Response from Dave @ Long Lane Honey Bee Farm

I sent a letter this morning to Dave at Long Lane Honey Bee Farm, the guy I bought my hives and bees from, and asked him about my East hive that has so few bees compared to the West hive.  Below is my letter and his response.

Hi Dave,

I need your opinion regarding my hives. To give you an update: I picked up my two packages of bees from you on 4/17 and installed them on 4/18. The hives stand approximately 5 feet from each other with both entrances facing south.

In looking back over my bee blog, I first noticed a difference in the number of bees between the two hives on April 29, in that the East hive had fewer bees both at the entrance and inside the hive.

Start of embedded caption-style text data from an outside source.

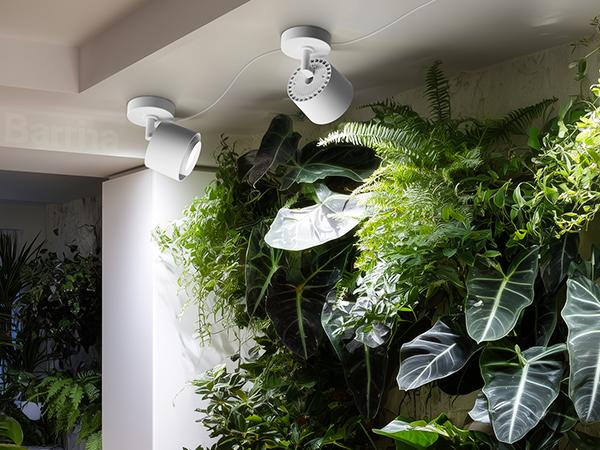 Barrina TR40a Track Grow Light for Indoor Plants, 40W Hanging Grow Lights with Adjustable Beam Angle (15°-60°), 5000K Full Spectrum Wall-Mounted Plant Light with Timer for Growing Houseplants,1-Pack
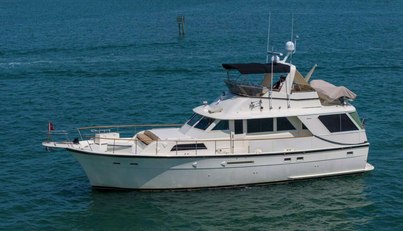 noname For Sale image1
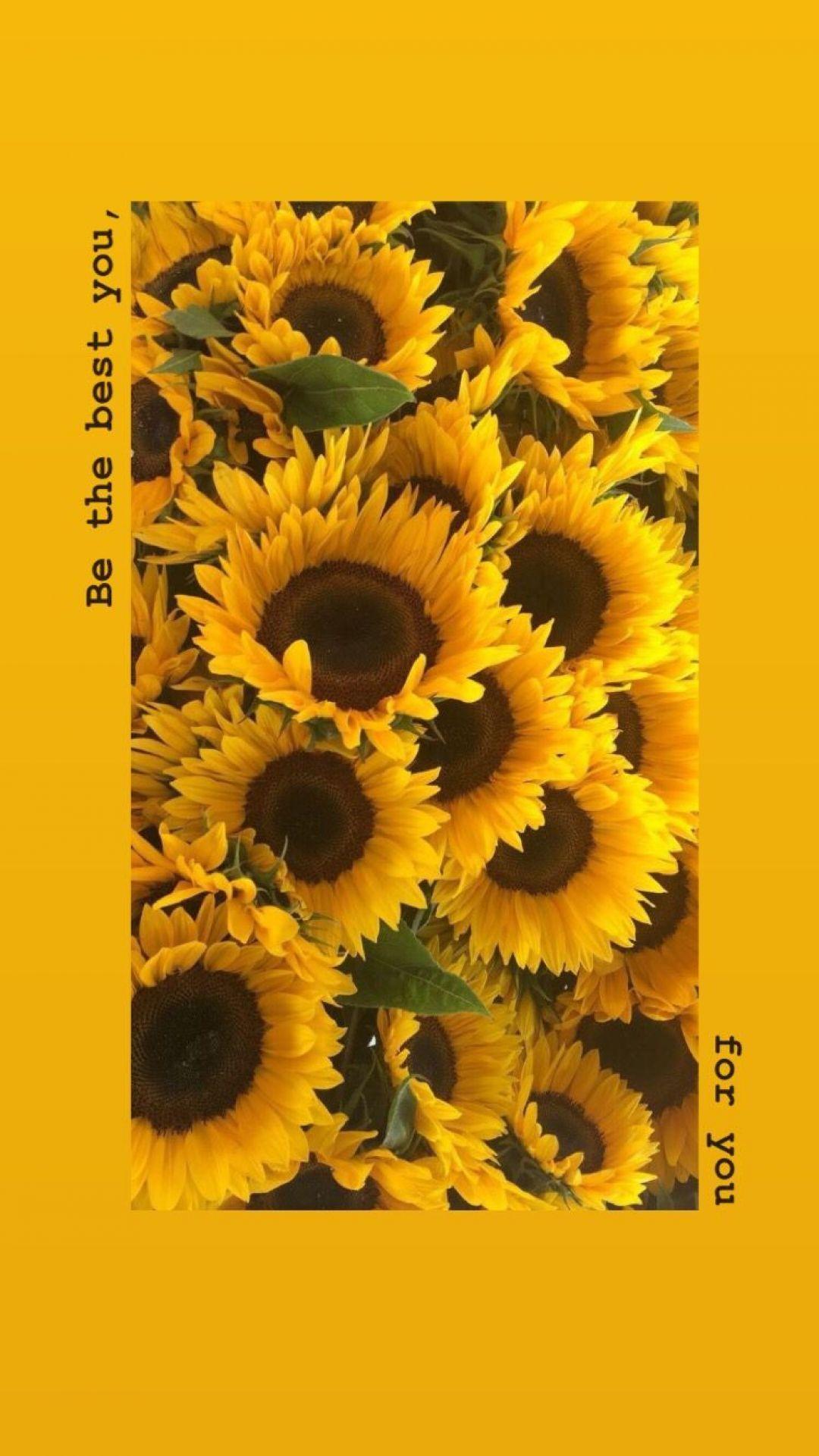 1080 x 1921 · jpeg - Yellow Aesthetic Sunflowers Hd Wallpapers (1080p, 4k) - Aesthetic ...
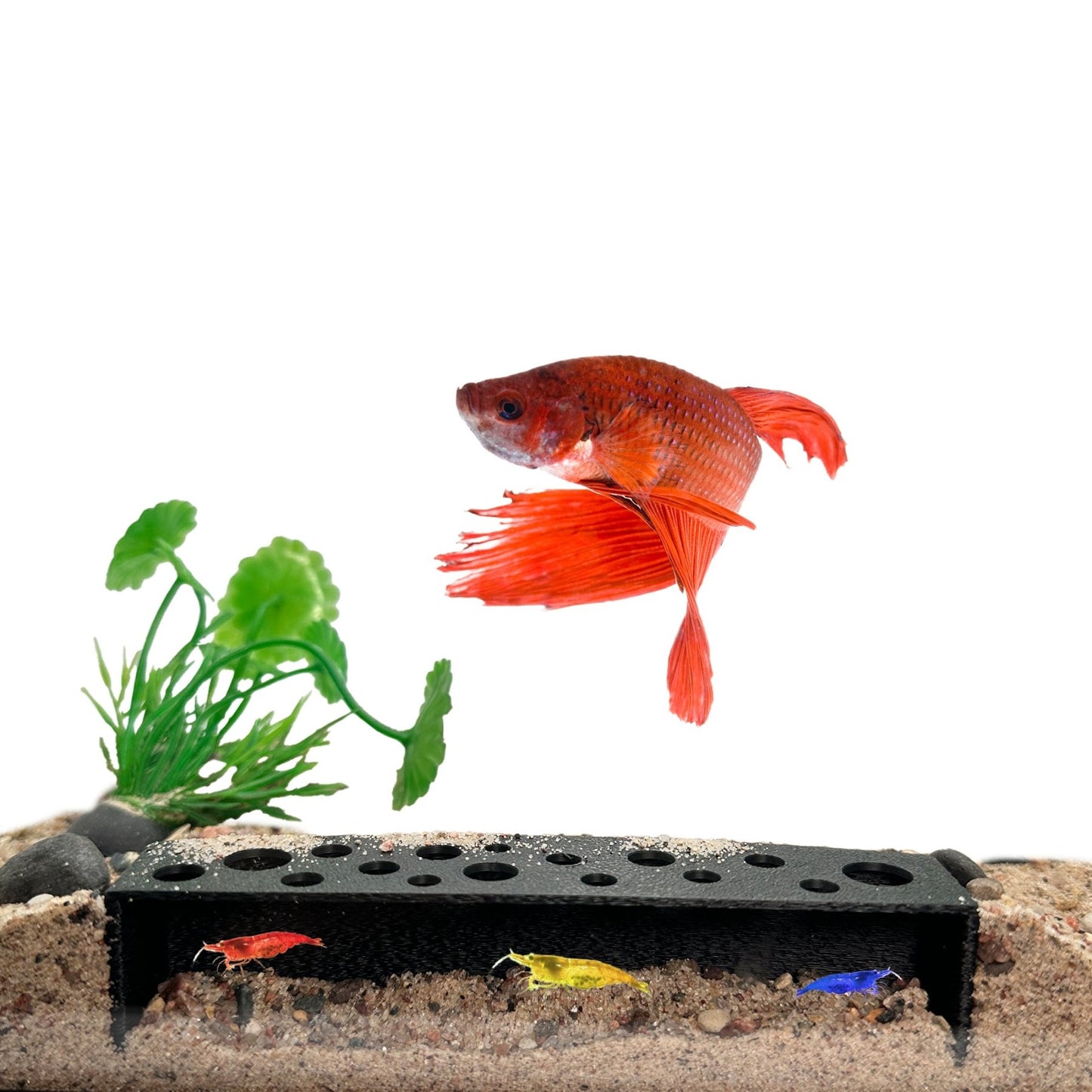 Slim Shrimp Breeding Cave – Low Profile - Wild Pet Supply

At the time I figured that possibly some bees drifted to the West hive. I have kept feeding the hives 1:1 sugar water until last week when I pulled the feeders. Usually the West hive consumed more water than the East hive. In looking in the hives, there has always been way more bees in the West hive, but I hoped the East hive would catch up after the Queen was in full production of laying eggs; however, the East Queen isn’t producing anywhere near the brood as the West Queen.

On June 7th I pulled the feeder from the West hive, put on the excluder, and put my medium super on top. All the frames are drawn out in the West hive, and capped brood is abundant. However, the East hive looks to only be at most working on half the frames, and the amount of brood is remarkably less. I don’t believe I have seen a full frame of capped brood yet on the East hive, but I found a two full frames of capped brood on the West hive on May 24th. On June 12th I pulled the feeder on the East hive thinking it may be time to let them find food on their own. There is a lot of white clover all around the hives, plenty of water at a pond 100 yards away, and driving 30 miles round trip to fill one hive is costly! If my memory serves me correctly, I have fed both hives a total of 52 or 57 pounds of sugar in a 1:1 ratio.

Below are pictures of the hive entrances taken on Sunday, June 13. Do you have any recommendations???

Below is Dave's Response:

Hard to say. Sometimes a abnormally strong queen makes a good Queen look bad. You could try to swap locations of the hive while all the foragers are out. The stronger number of foragers could help the smaller hive. The other option is to requeen. But if you current queen is average the new one may not be noticeably different. Your last option is to kill the weaker queen and 2 days later place a frame of eggs without the queen on it into the weak hive and see if you can get some of those super traits from the super hive.